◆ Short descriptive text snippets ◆
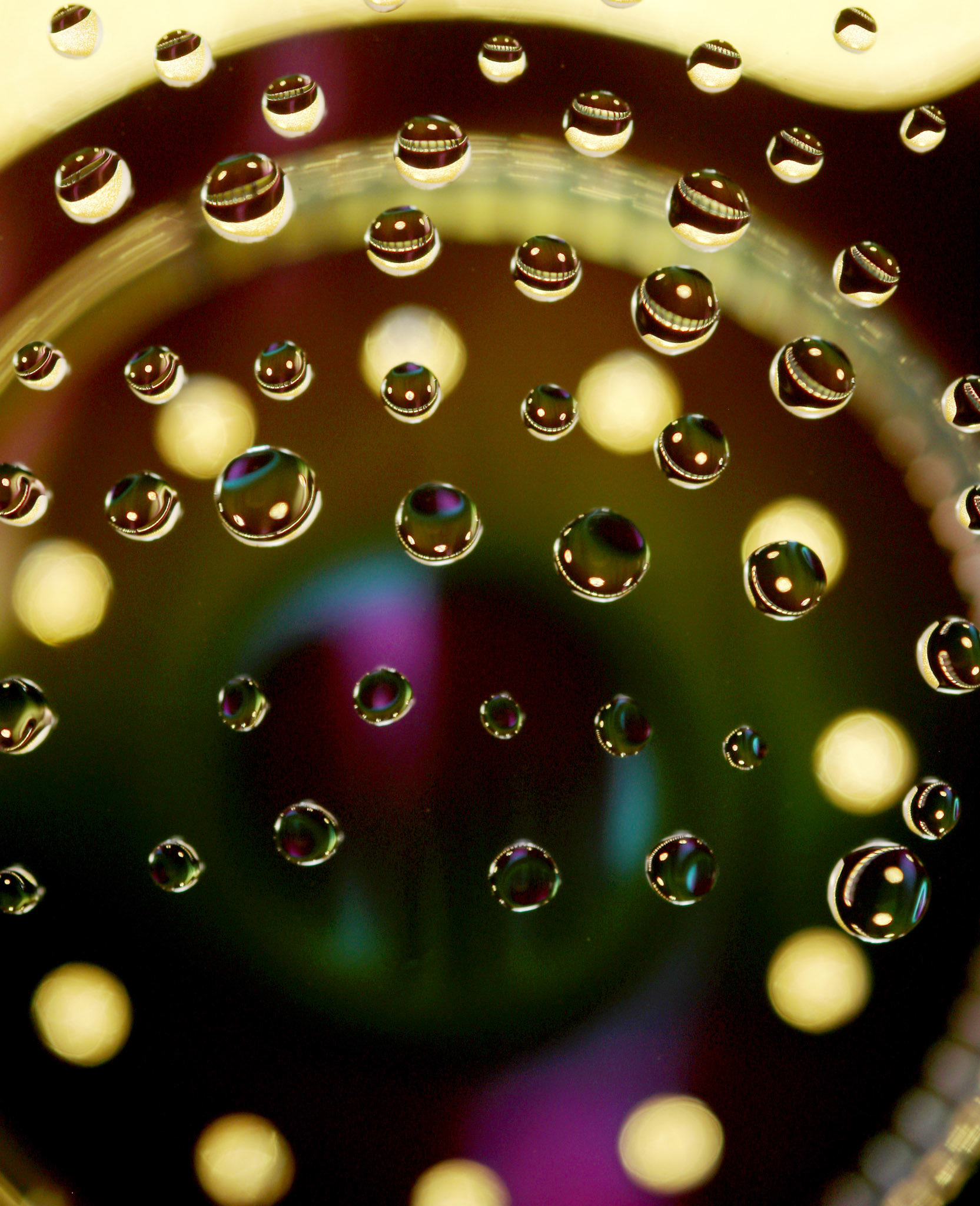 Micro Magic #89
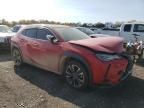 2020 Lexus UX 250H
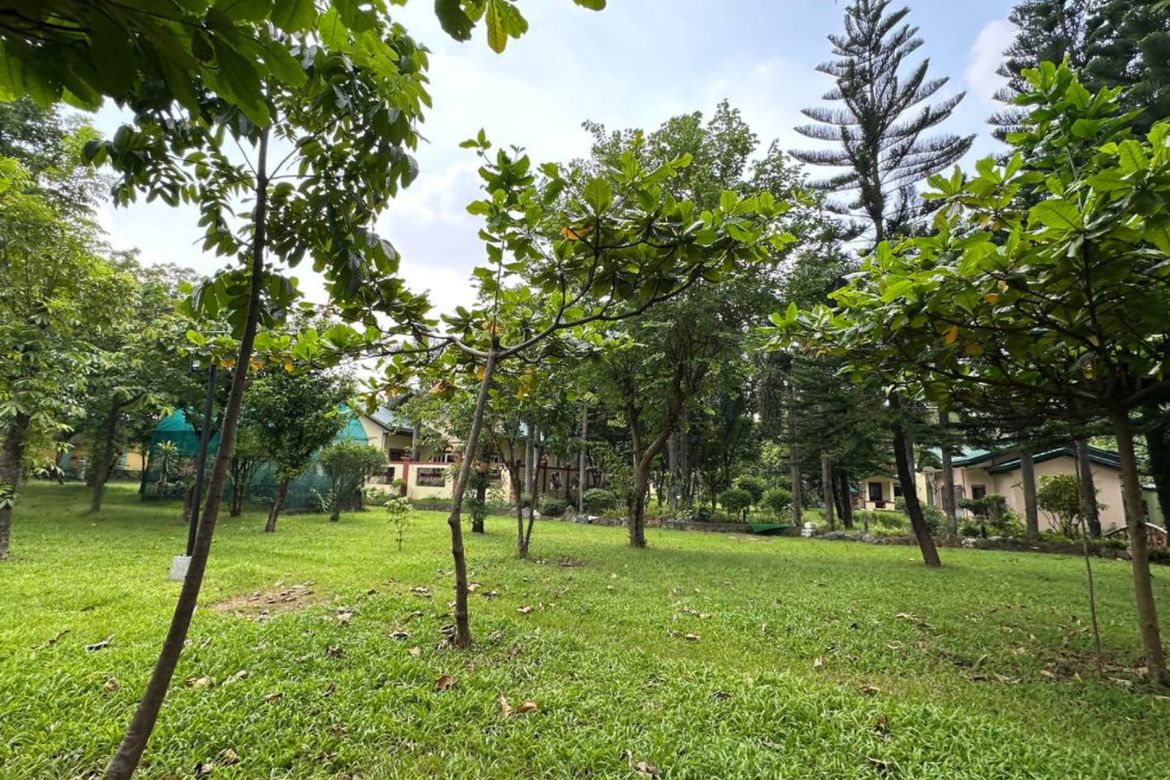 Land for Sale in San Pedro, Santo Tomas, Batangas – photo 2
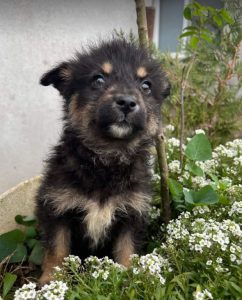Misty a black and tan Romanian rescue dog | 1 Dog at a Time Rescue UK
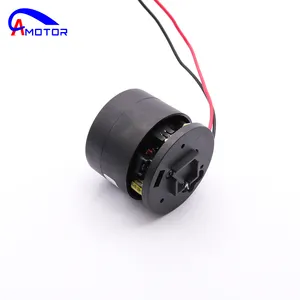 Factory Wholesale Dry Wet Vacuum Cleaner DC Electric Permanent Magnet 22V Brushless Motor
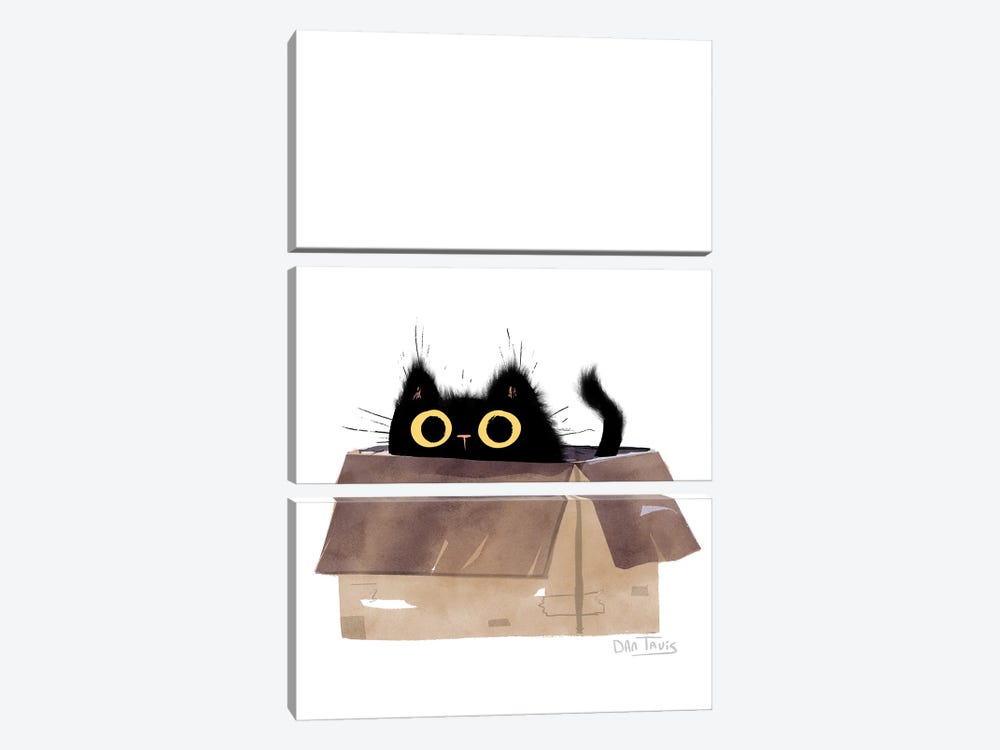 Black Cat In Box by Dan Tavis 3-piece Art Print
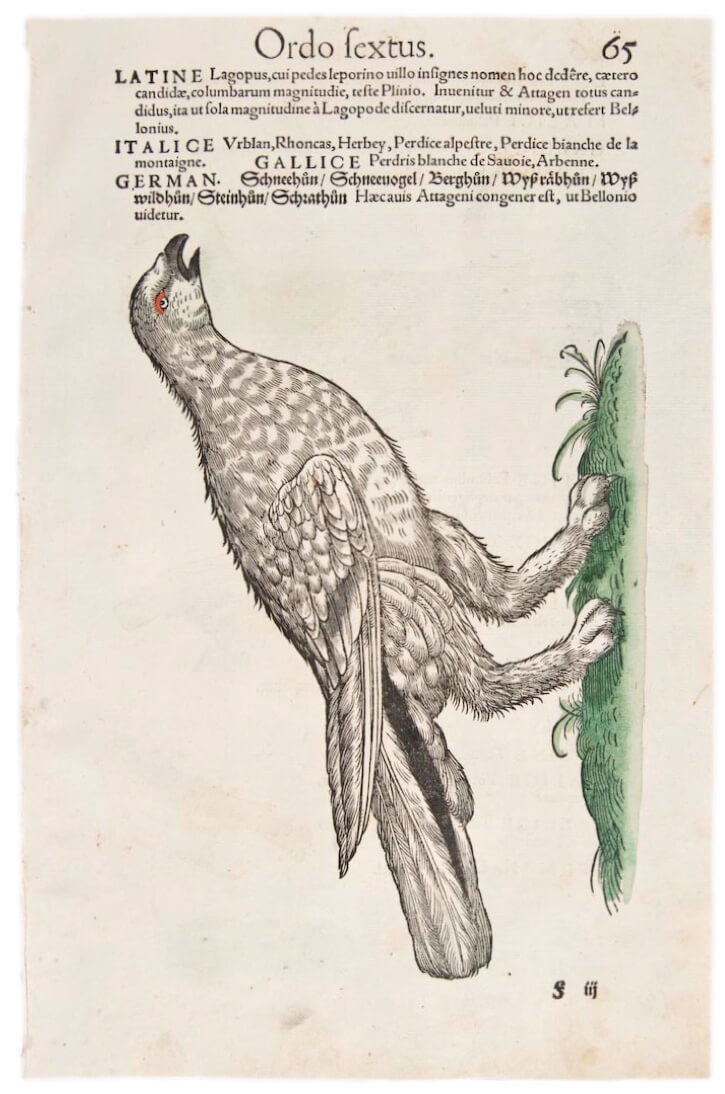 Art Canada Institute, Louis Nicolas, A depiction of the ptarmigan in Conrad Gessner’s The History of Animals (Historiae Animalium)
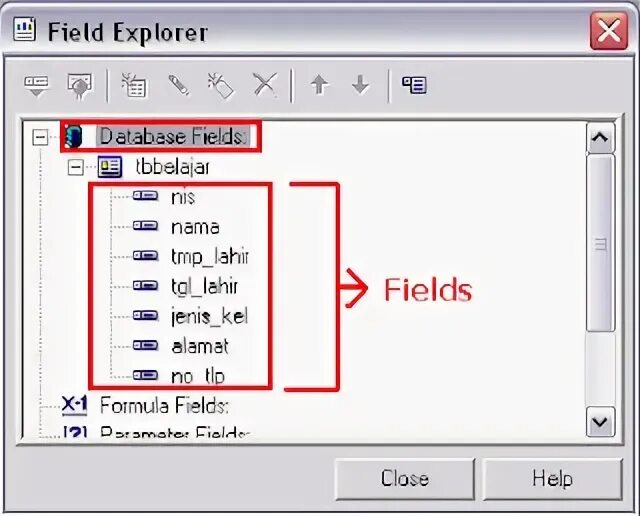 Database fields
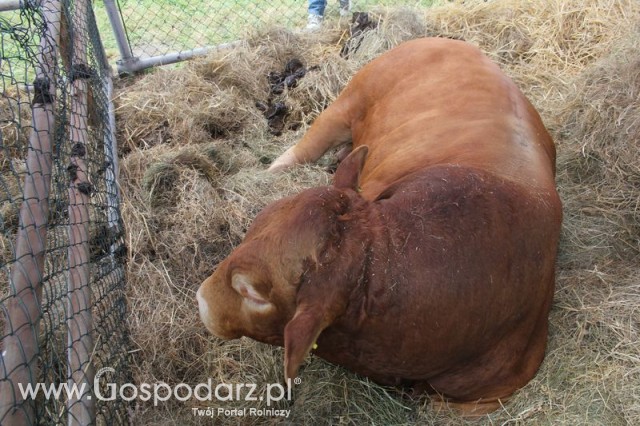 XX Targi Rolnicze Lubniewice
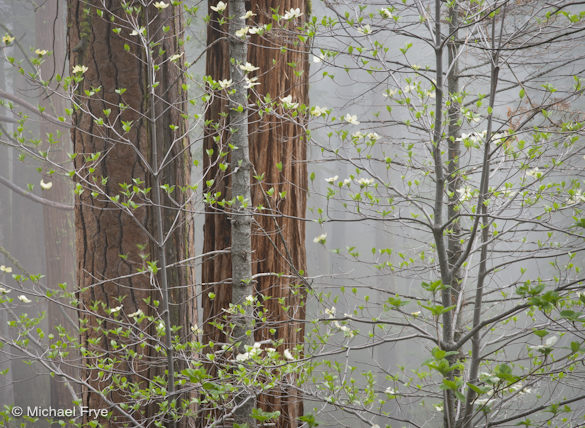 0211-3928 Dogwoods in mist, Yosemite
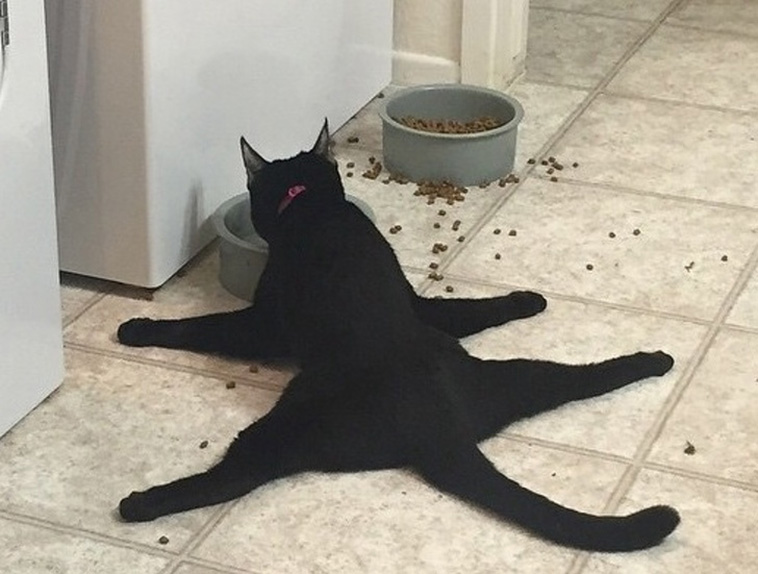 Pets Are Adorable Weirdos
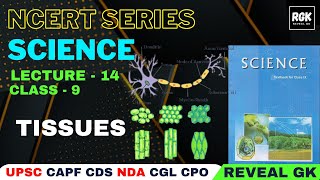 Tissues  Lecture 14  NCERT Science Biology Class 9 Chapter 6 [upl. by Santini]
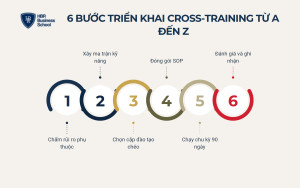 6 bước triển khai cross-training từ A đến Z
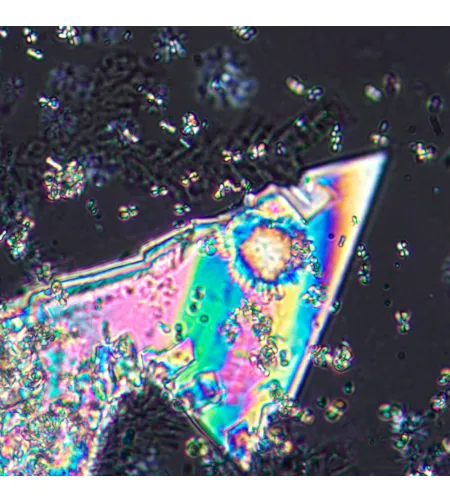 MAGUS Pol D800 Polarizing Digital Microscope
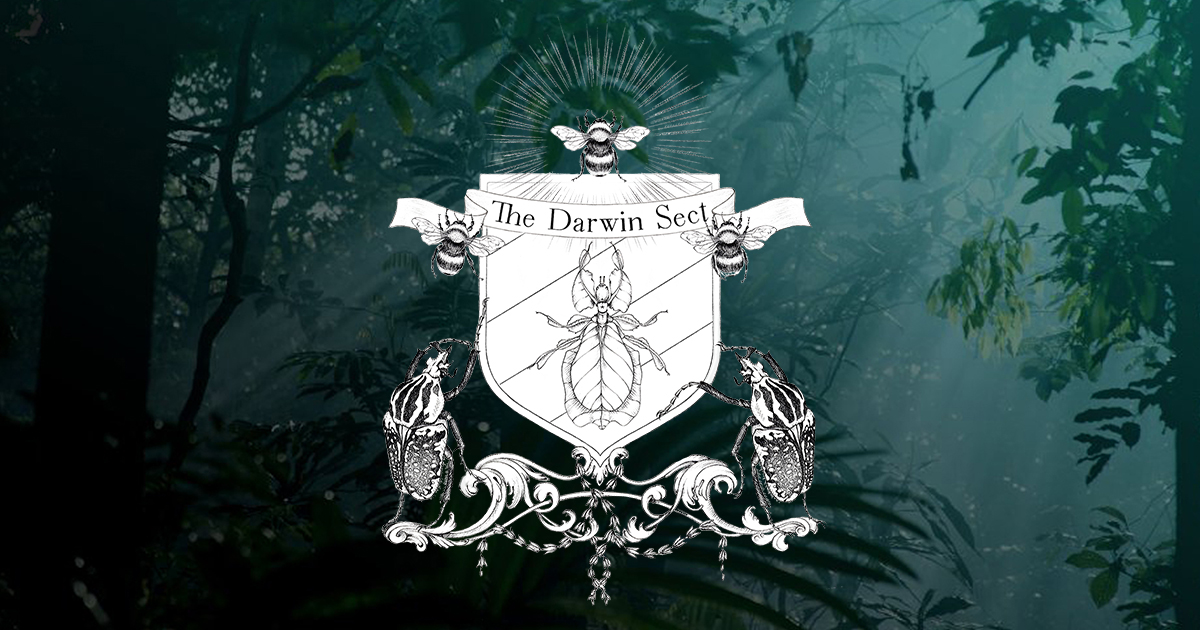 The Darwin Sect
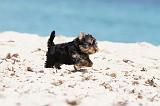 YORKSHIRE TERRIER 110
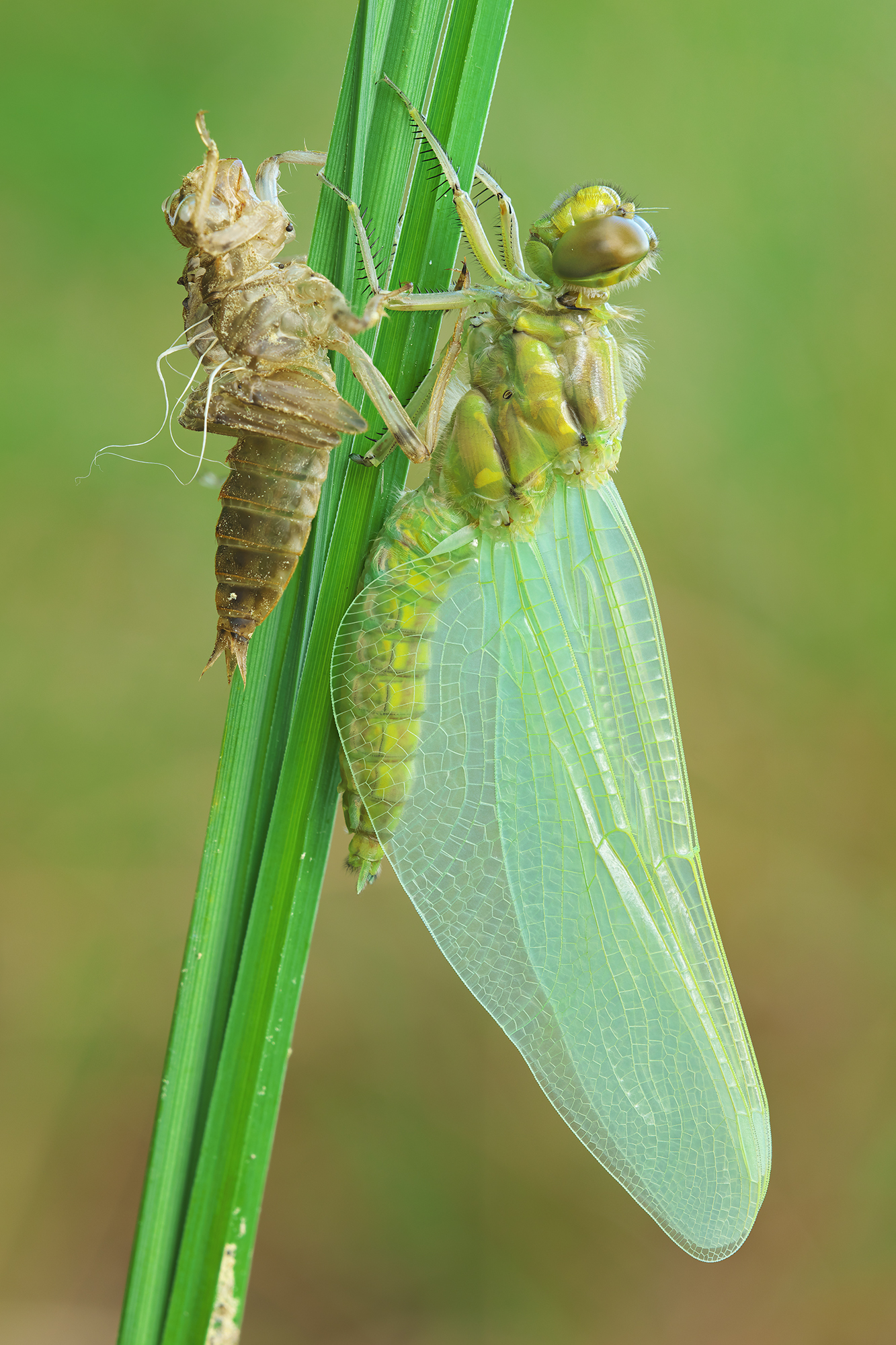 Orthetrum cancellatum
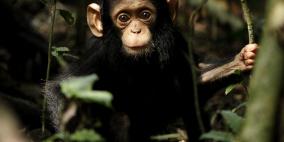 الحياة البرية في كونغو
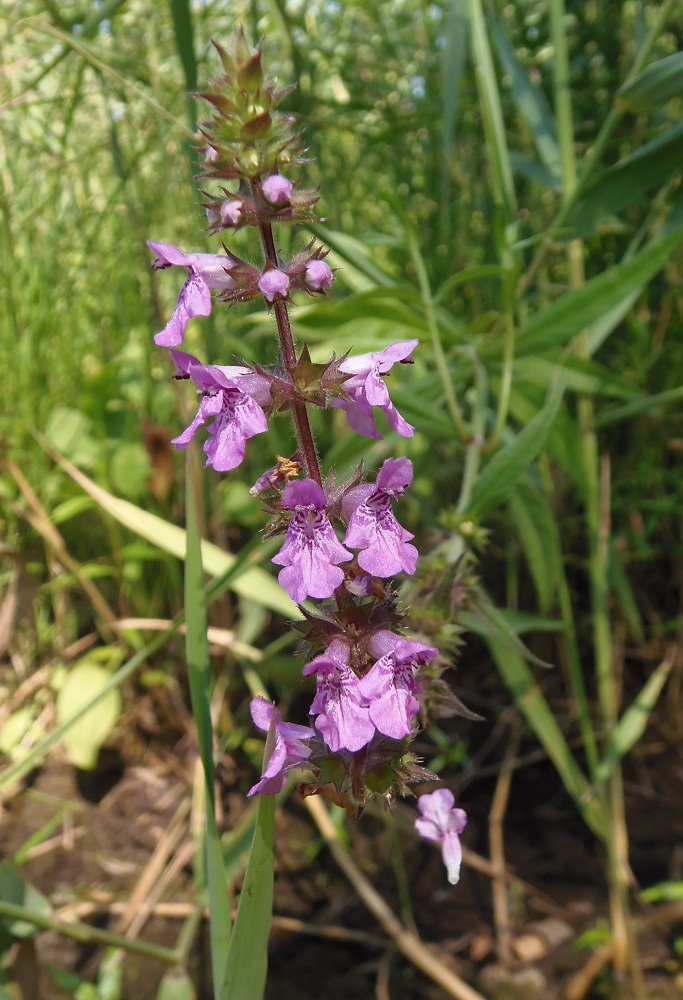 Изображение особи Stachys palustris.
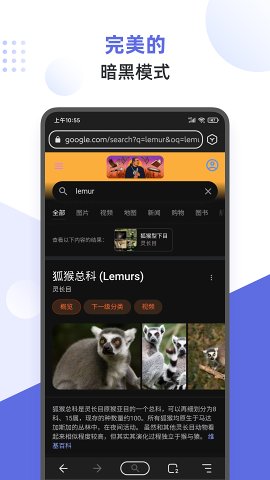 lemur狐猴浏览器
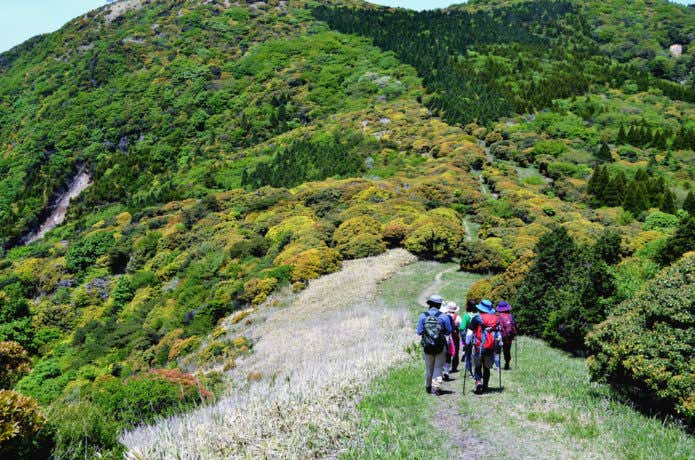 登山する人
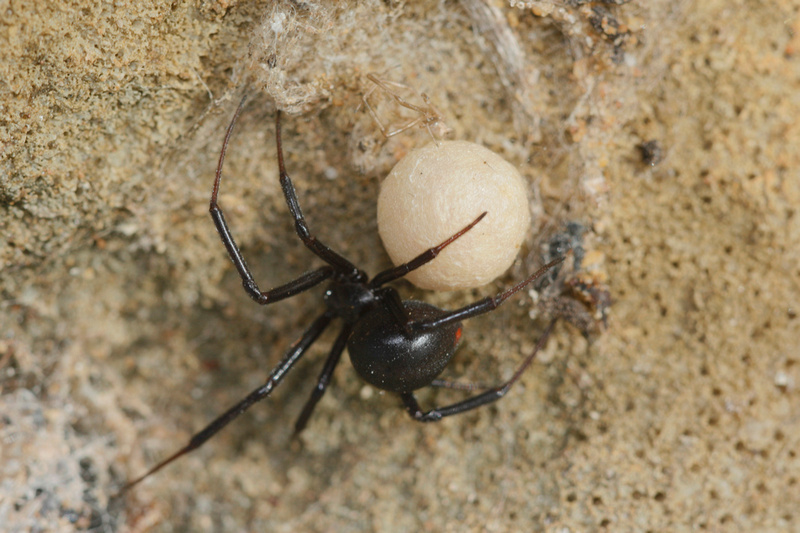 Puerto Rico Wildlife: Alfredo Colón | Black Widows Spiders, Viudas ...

◆ Task goal ◆
Nothing but the lines from the first line of the records above to the line with "Database fields", inclusive, should be transcribed exactly, and the pictures must be left out.

◆ Written reply ◆
 Micro Magic #89
 2020 Lexus UX 250H
 Land for Sale in San Pedro, Santo Tomas, Batangas – photo 2
Misty a black and tan Romanian rescue dog | 1 Dog at a Time Rescue UK
 Factory Wholesale Dry Wet Vacuum Cleaner DC Electric Permanent Magnet 22V Brushless Motor
 Black Cat In Box by Dan Tavis 3-piece Art Print
 Art Canada Institute, Louis Nicolas, A depiction of the ptarmigan in Conrad Gessner’s The History of Animals (Historiae Animalium)
 Database fields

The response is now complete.